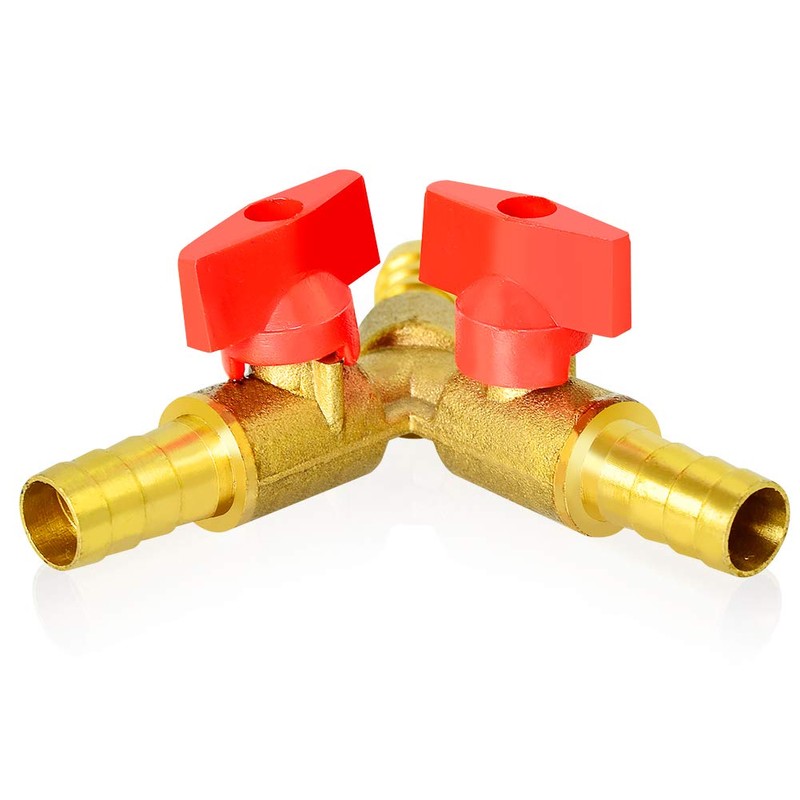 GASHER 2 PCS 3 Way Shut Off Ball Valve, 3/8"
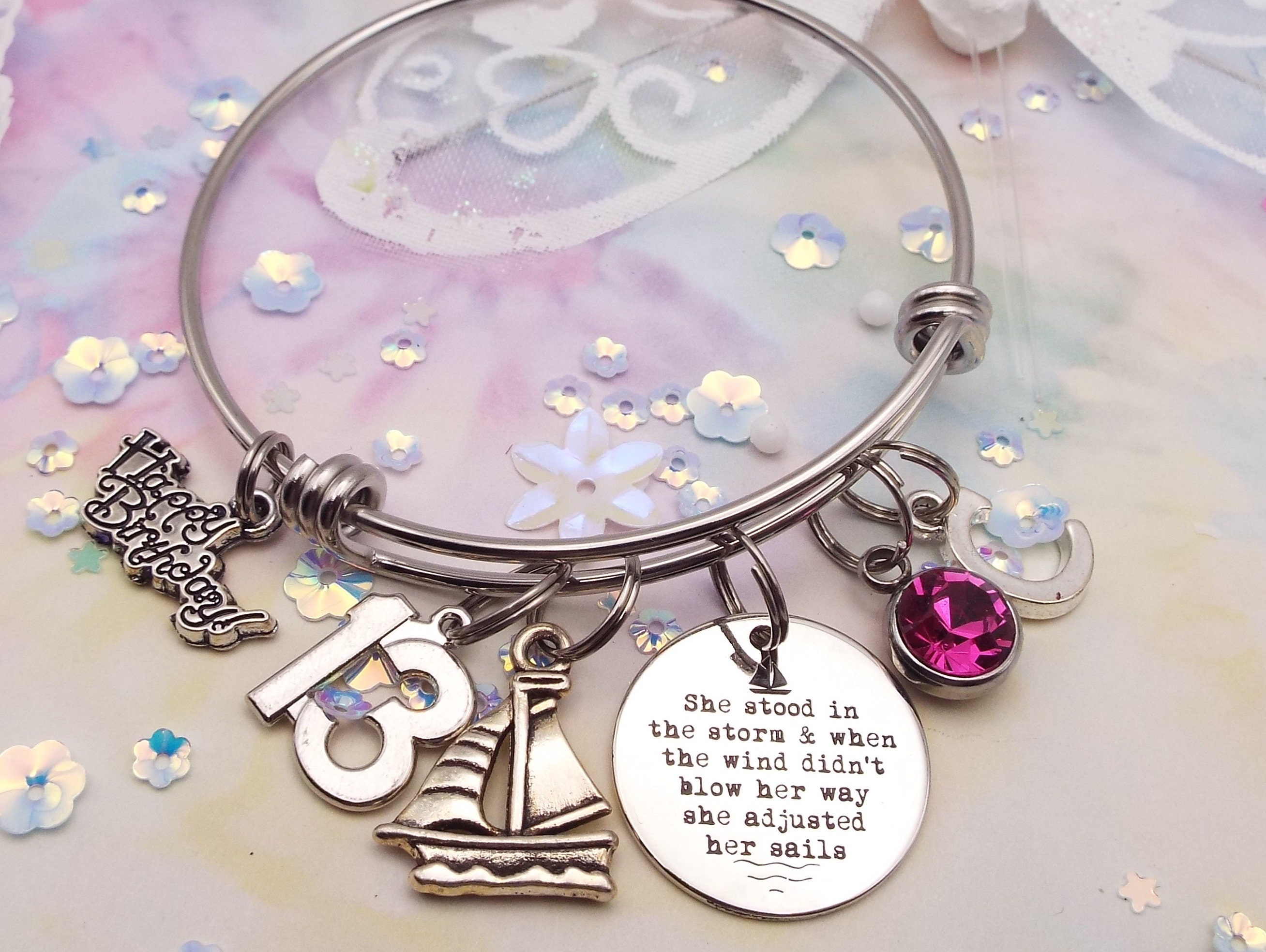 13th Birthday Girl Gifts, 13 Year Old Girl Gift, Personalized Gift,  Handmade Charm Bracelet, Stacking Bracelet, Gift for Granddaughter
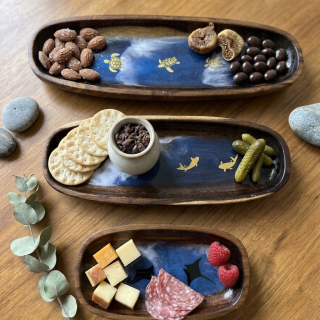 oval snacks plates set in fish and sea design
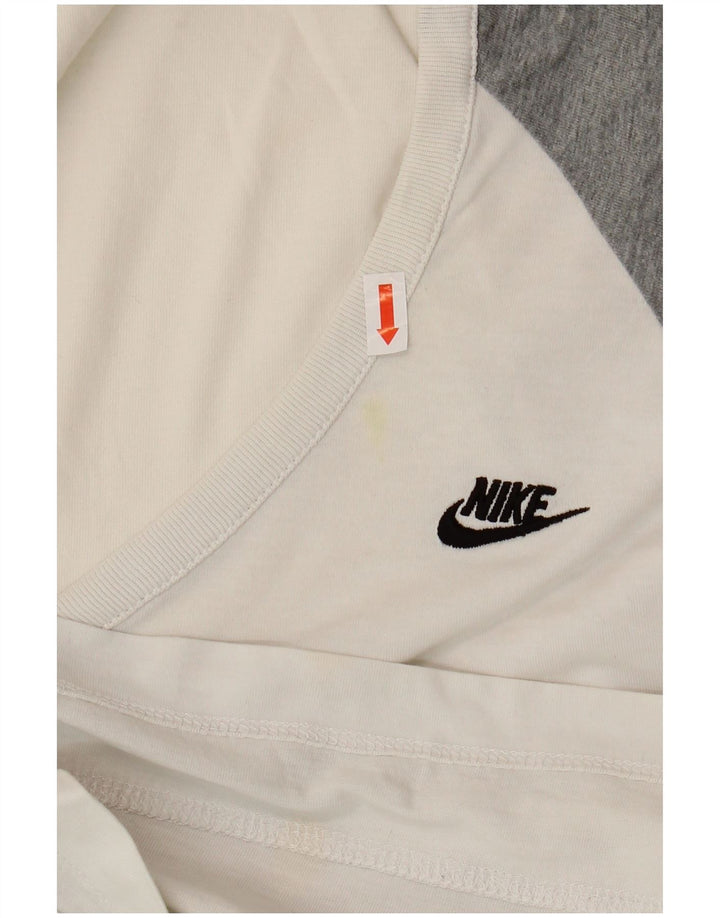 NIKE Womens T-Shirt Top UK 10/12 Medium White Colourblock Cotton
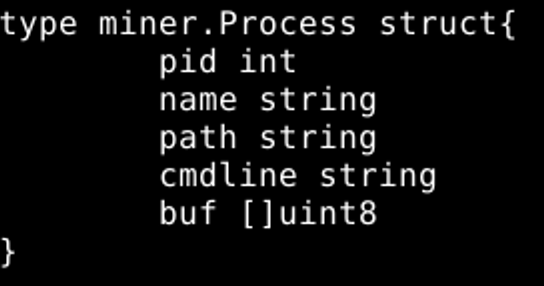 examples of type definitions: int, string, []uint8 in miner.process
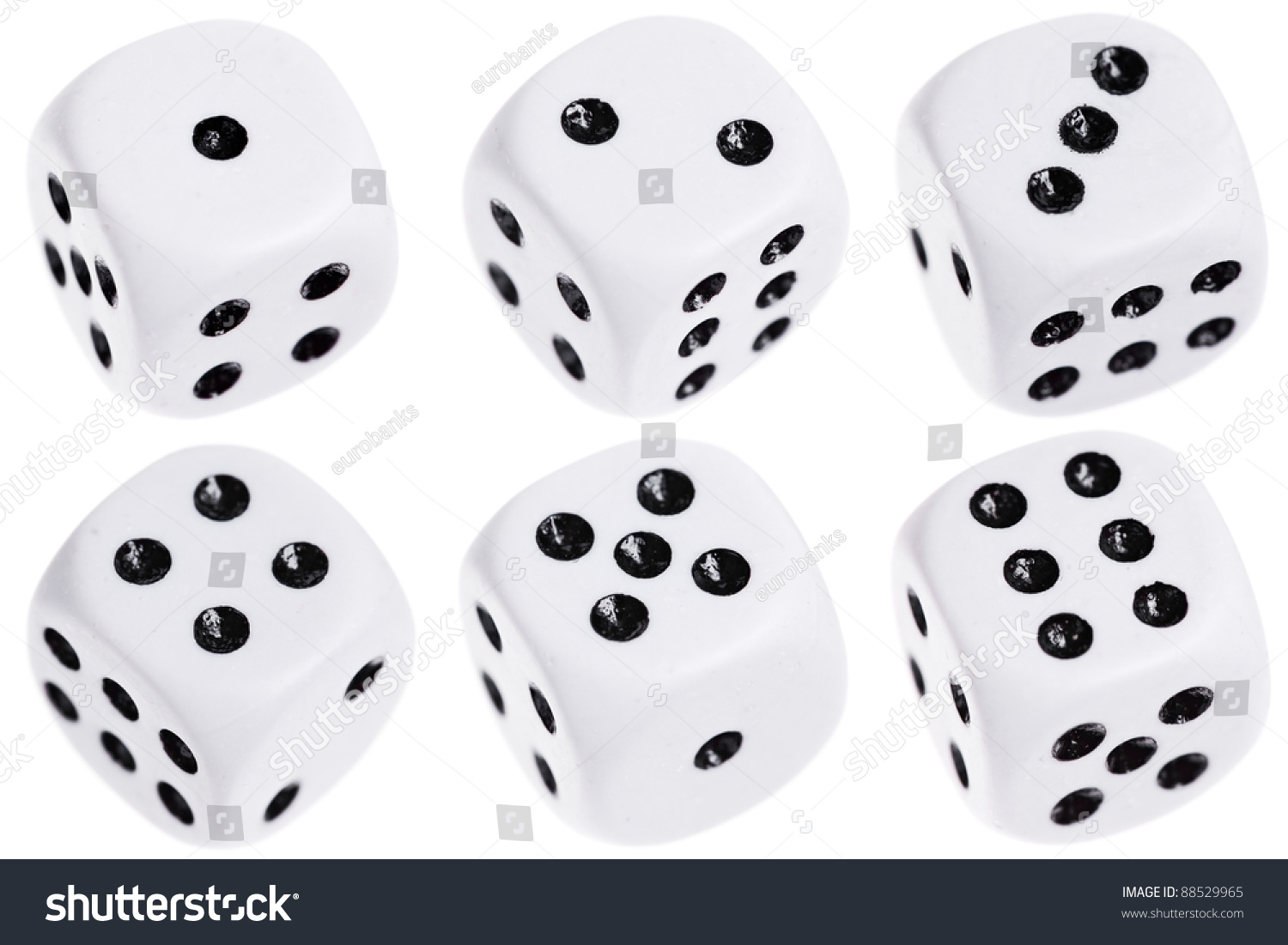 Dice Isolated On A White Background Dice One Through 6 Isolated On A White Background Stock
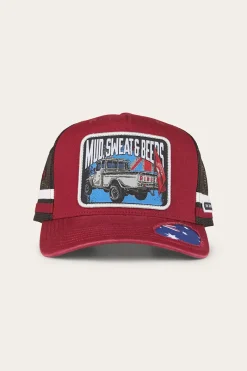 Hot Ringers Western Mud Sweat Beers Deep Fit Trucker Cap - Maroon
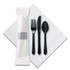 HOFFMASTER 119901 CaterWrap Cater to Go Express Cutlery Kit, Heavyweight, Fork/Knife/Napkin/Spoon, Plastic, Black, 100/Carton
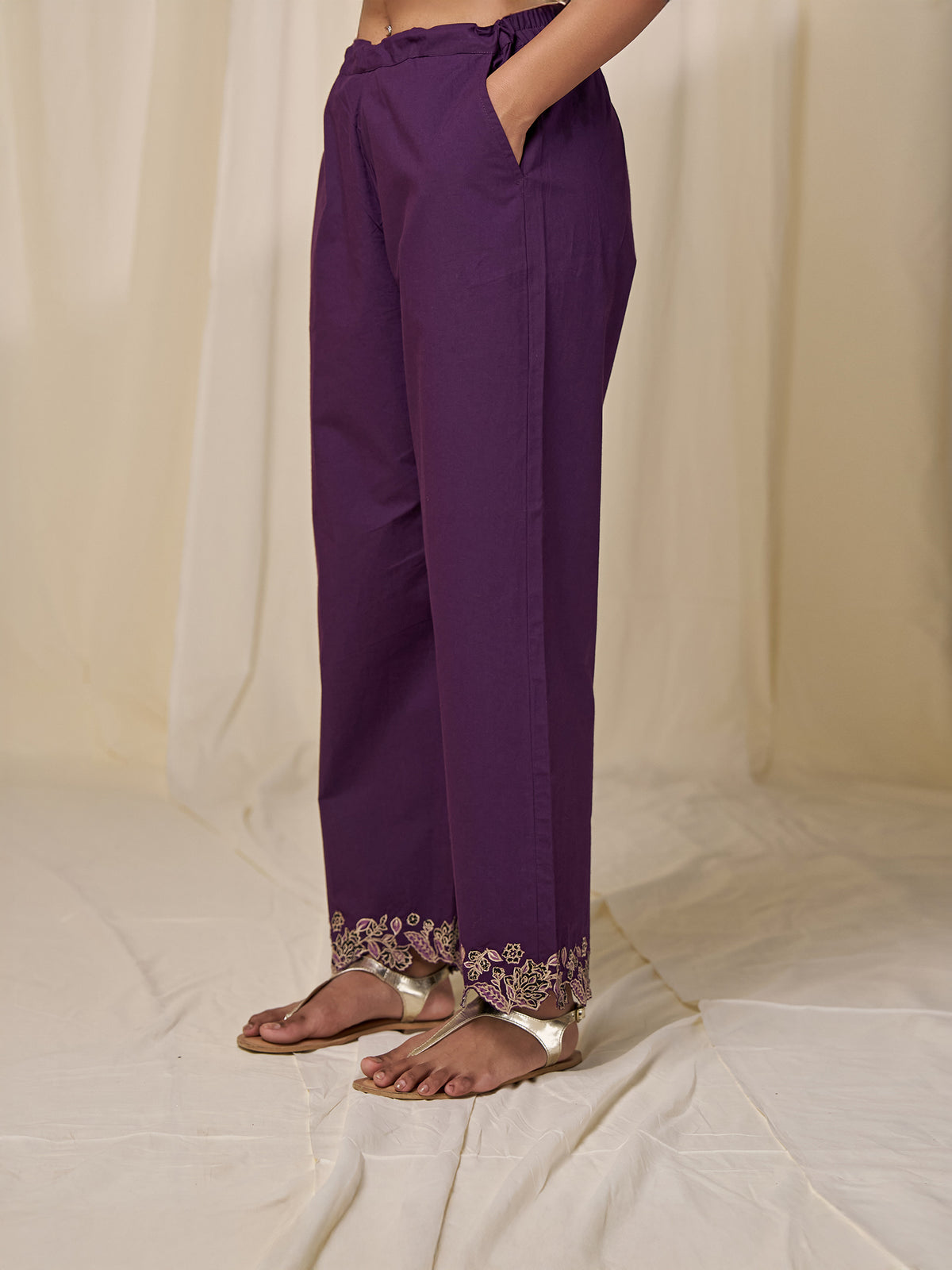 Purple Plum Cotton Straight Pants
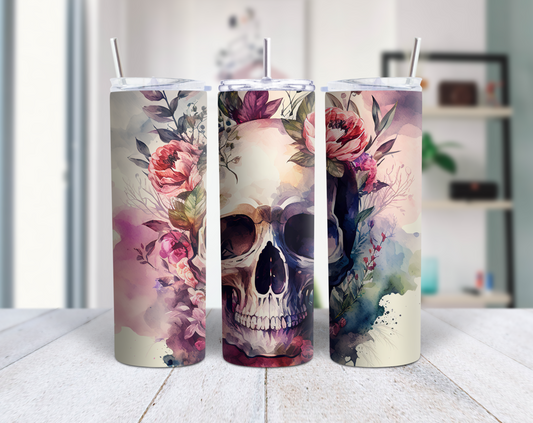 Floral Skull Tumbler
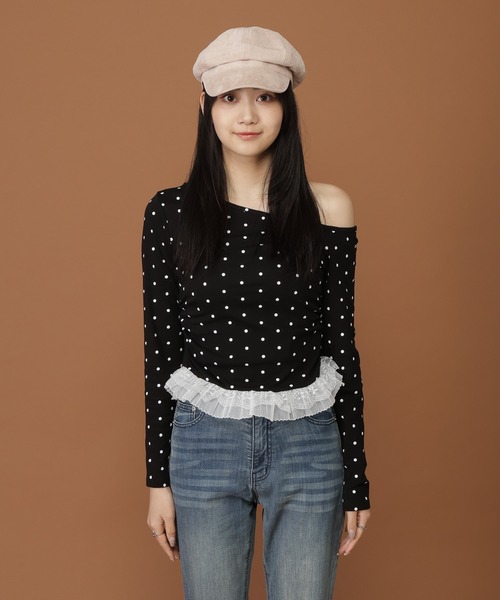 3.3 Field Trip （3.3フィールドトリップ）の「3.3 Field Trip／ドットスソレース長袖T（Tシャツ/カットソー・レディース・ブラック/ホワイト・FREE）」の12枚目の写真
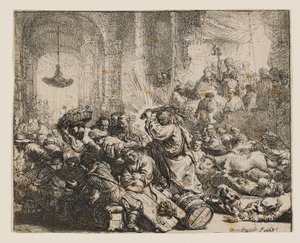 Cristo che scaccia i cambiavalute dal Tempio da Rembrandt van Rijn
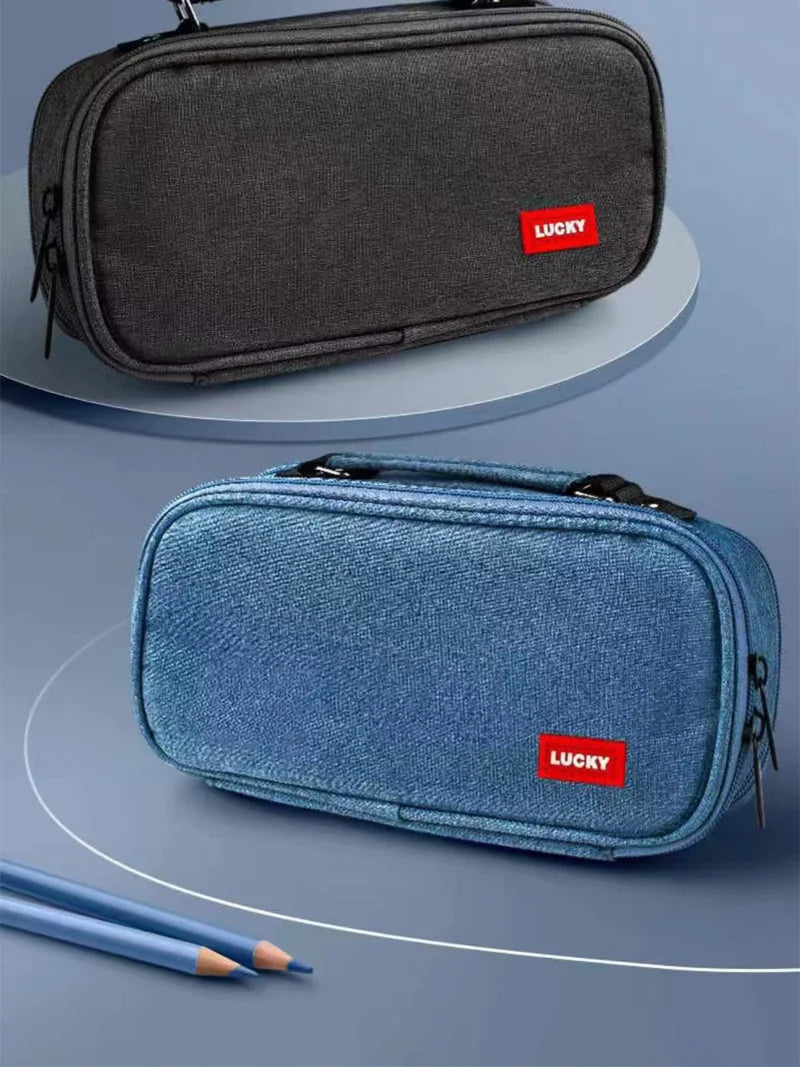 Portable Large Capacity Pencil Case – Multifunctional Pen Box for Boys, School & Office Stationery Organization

------------------------------------

What is needed is an exact copy of the entries, without any images.

ANSWER SECTION:
 GASHER 2 PCS 3 Way Shut Off Ball Valve, 3/8"
 13th Birthday Girl Gifts, 13 Year Old Girl Gift, Personalized Gift,  Handmade Charm Bracelet, Stacking Bracelet, Gift for Granddaughter
 oval snacks plates set in fish and sea design
 NIKE Womens T-Shirt Top UK 10/12 Medium White Colourblock Cotton
 examples of type definitions: int, string, []uint8 in miner.process
 Dice Isolated On A White Background Dice One Through 6 Isolated On A White Background Stock
 Hot Ringers Western Mud Sweat Beers Deep Fit Trucker Cap - Maroon
 HOFFMASTER 119901 CaterWrap Cater to Go Express Cutlery Kit, Heavyweight, Fork/Knife/Napkin/Spoon, Plastic, Black, 100/Carton
 Purple Plum Cotton Straight Pants
 Floral Skull Tumbler
 3.3 Field Trip （3.3フィールドトリップ）の「3.3 Field Trip／ドットスソレース長袖T（Tシャツ/カットソー・レディース・ブラック/ホワイト・FREE）」の12枚目の写真
 Cristo che scaccia i cambiavalute dal Tempio da Rembrandt van Rijn
 Portable Large Capacity Pencil Case – Multifunctional Pen Box for Boys, School & Office Stationery Organization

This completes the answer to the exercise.